Now what they could do is make a separate wallet for each user and post all trades to the blockchain. This would perhaps be more in the spirit of Bitcoin as it would prevent the totals from getting out of whack. But as I say, I'm pretty sure they're not doing that -- for one thing, if they were, rolling back trades, as they have recently done, would be impossible. (And although I was not involved in this 500k selloff, on either side, I think they have to roll it back to preserve any hope of Bitcoin being taken seriously.)
So far there has been no evidence that Mt.Gox did anything except get hacked...even Tradehill was using the same encryption that Mt.Gox was until the hack...everyone upgraded after the incident.
Source? I hope you're not quoting the guy from the "I'm the one who bought them" forum thread who accidentally add all numbers including dates to determine how many BTC were traded. He was almost instantly debunked.
500KBTC is a pretty solid number, or at least, it's as solid as anything else that the public's been told.
Only a small percentage of BTC users were using Tradehill, a competitive BTC exchange.
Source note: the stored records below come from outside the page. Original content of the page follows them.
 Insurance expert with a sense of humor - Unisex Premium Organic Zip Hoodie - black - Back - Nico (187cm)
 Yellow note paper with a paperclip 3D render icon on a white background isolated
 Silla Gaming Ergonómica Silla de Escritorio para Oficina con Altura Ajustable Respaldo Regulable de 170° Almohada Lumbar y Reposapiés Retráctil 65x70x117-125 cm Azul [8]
People have rushed to create accounts there, however it takes a few days to transfer money in, so right now there are more sellers than buyers, causing prices to go lower. In addition, apparently some people have their money tied up in unreachable MtGox accounts so are unable to trade.
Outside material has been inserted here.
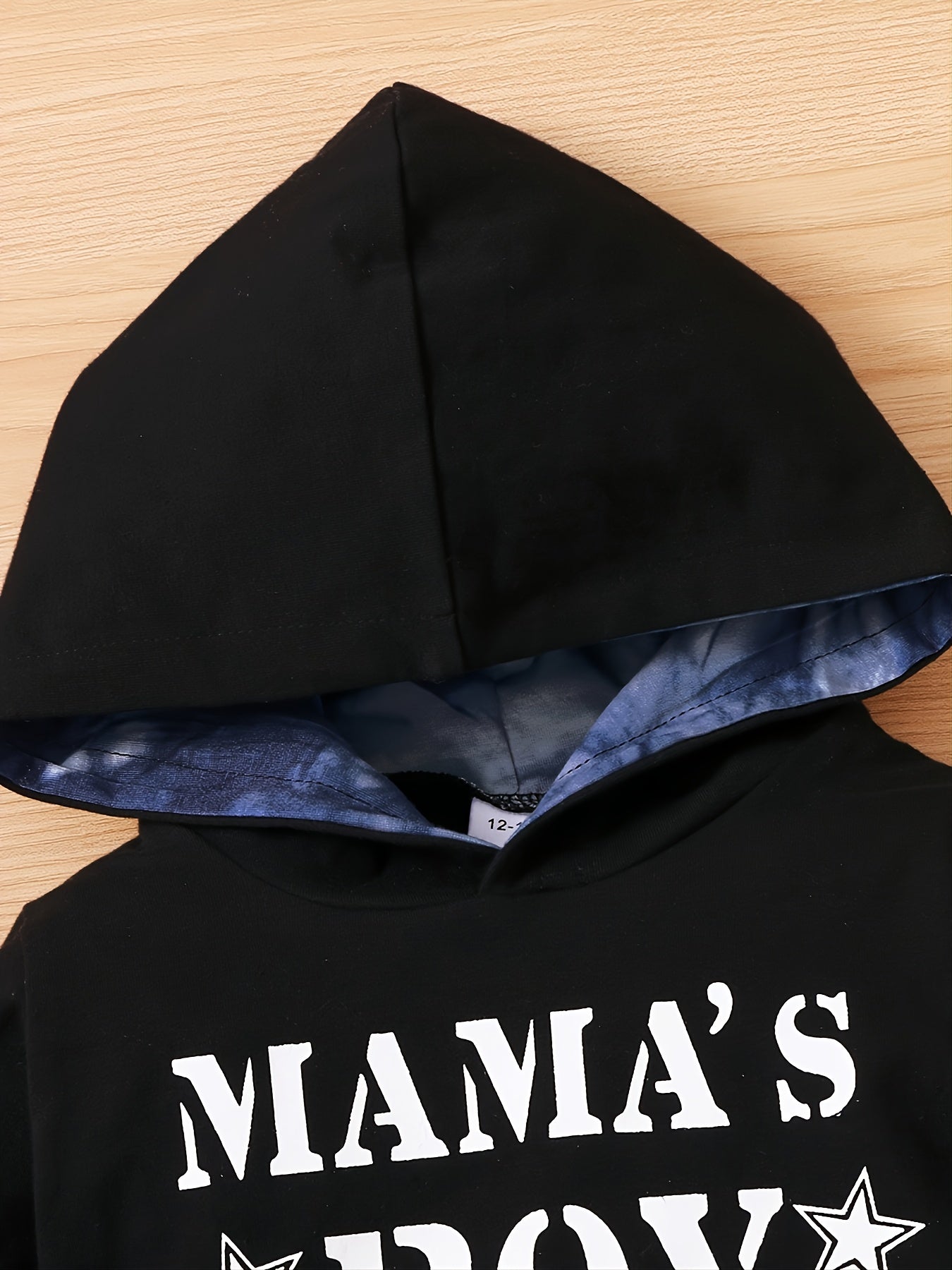 Boys' Tie Dye Cotton Hoodie Letter Print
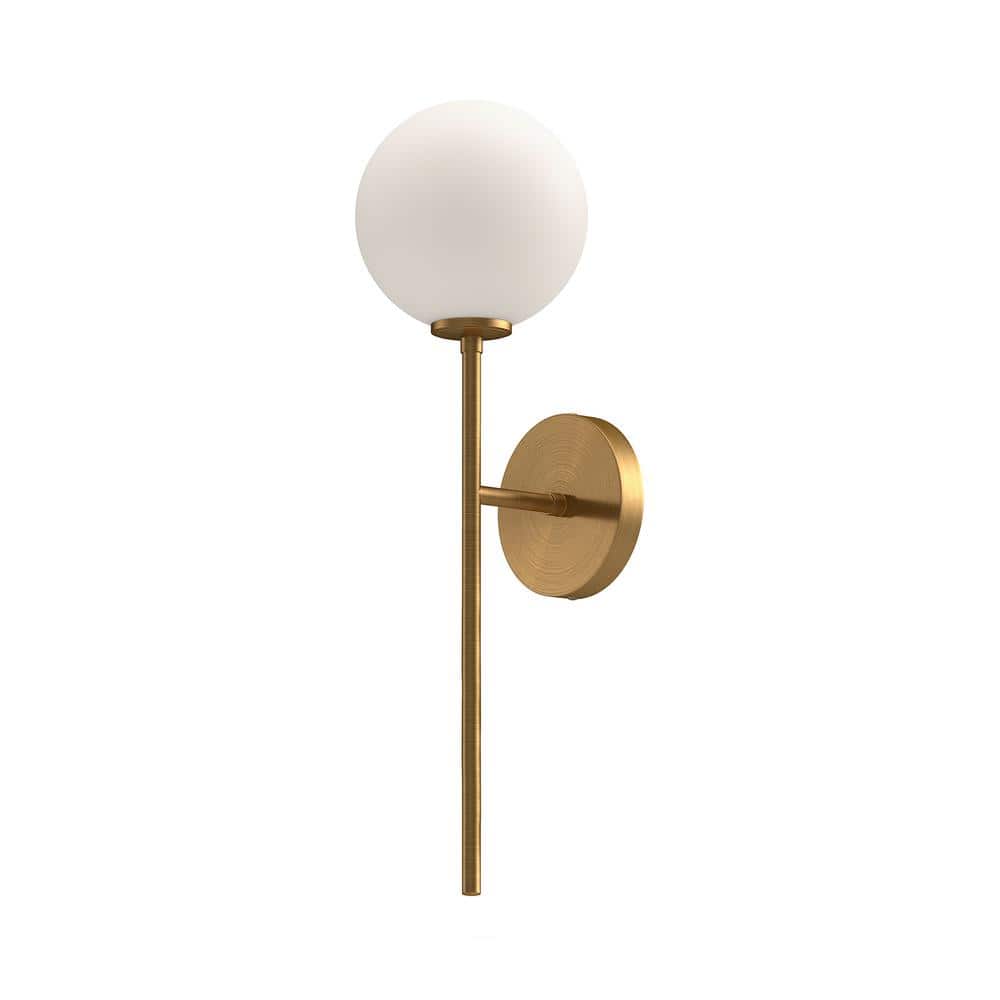 Cassia Aged Gold Dimmable Wall Sconce with Opal Globe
MtGox has some serious issues to deal with. Finally yesterday, on the 3rd day after the exchange was brought down, they instituted an account recovery page, where you can provide information about your account and try to prove it is yours. Their support people are manually reviewing account information and will give you access when they feel you have sufficiently verified the info.
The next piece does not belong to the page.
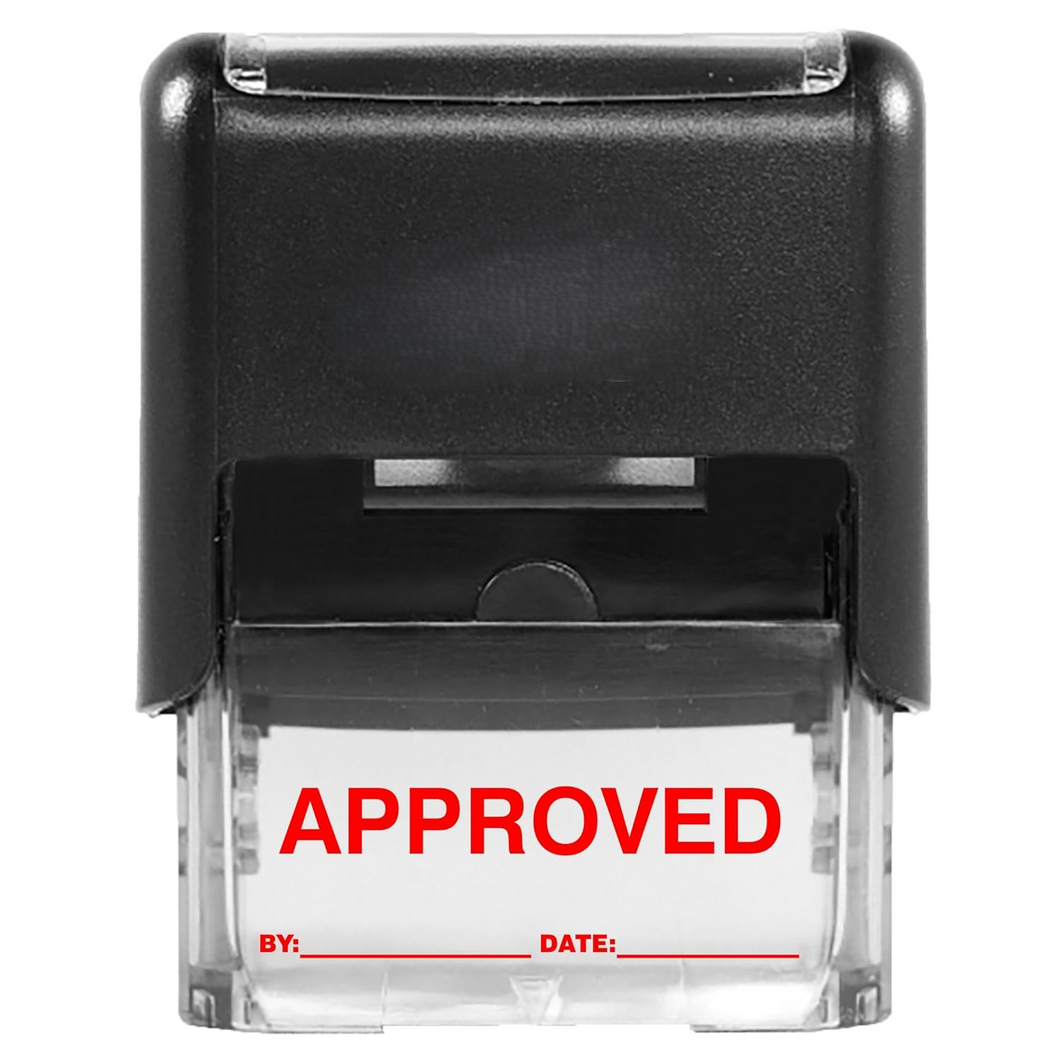 Approved Stamp with by: & Date: - Red Ink - Self-Inking Rubber Stamp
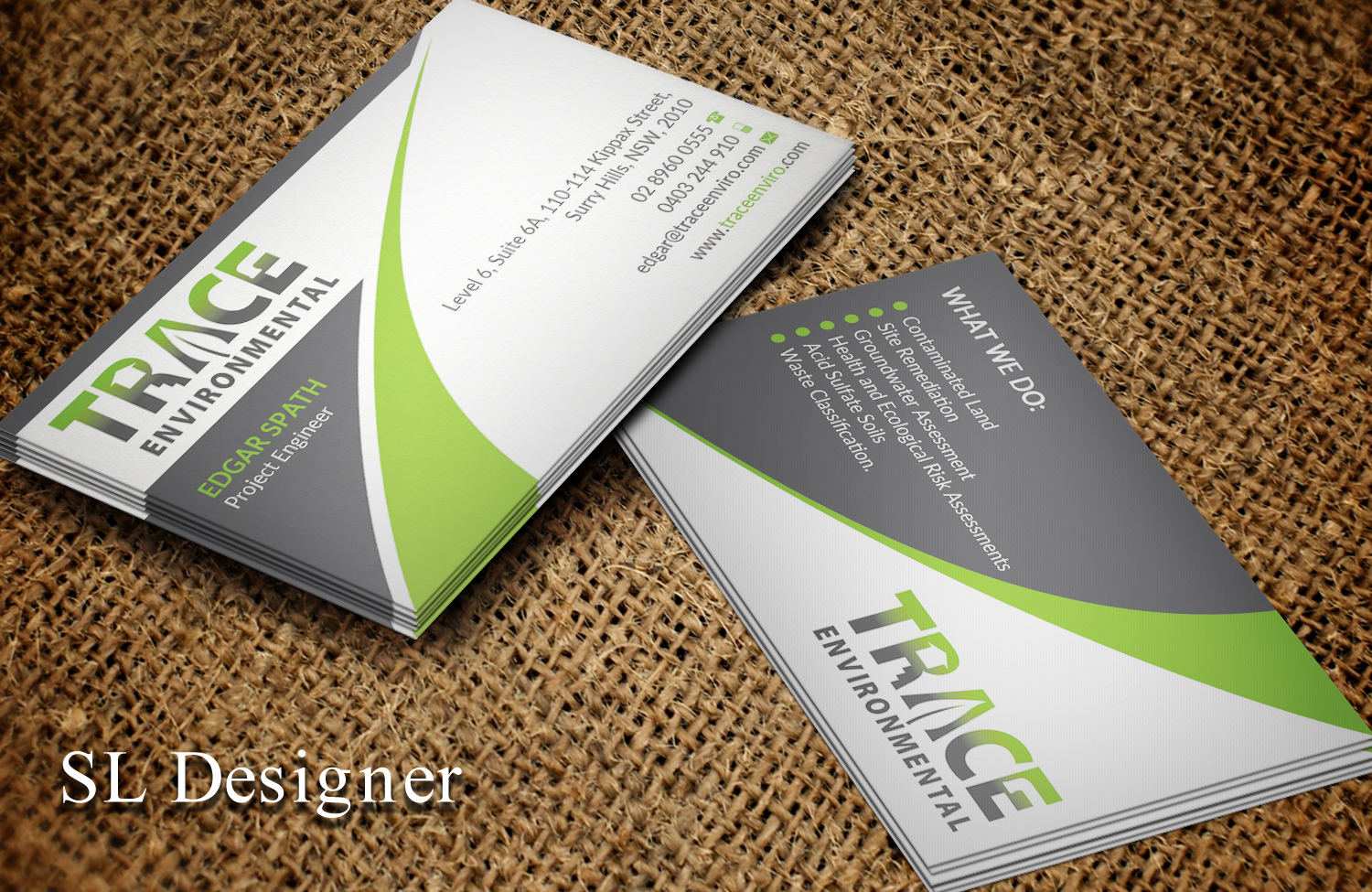 Visitenkarten-Design von SL Designer für TRACE Environmental | Design #12697599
It looks very fishy, like MtGox is intentionally delaying access to people's accounts in order to prevent a run on the exchange. We don't know exactly how much money or coins were actually stolen from MtGox, but it is entirely possible that someone figured out a way to transfer a large amount of coins or real currency out of there. It might be possible that MtGox cannot make all investors whole again, so they are reenabling accounts just a few at a time and hoping that not everyone withdraws their funds at once.
Personally, I never kept a balance of either USD or BTC in MtGox. Their site looked too amateur to trust with money. I would sell my coins and transfer them to Dwolla immediately. Right now, all of the exchanges look sketchy. I would not trust a single VPS running MySQL at all with what could be millions of dollars.
As competition increases, amateur exchanges that manipulate the price will suffer the consequences, for example, overpaying on the buy side because they've artificially inflated the price. Or traders will just move to another exchange if the spread is too high between bid and ask.
Such a move, if it is what Mt Gox is doing, is completely legitimate. If they are indeed bankrupt, then an orderly winding down is fairer; if they could recover their business, then this avoids needless value destruction.
Lots of other websites mention it every other day, yet this crash was probably the first major event for the technology.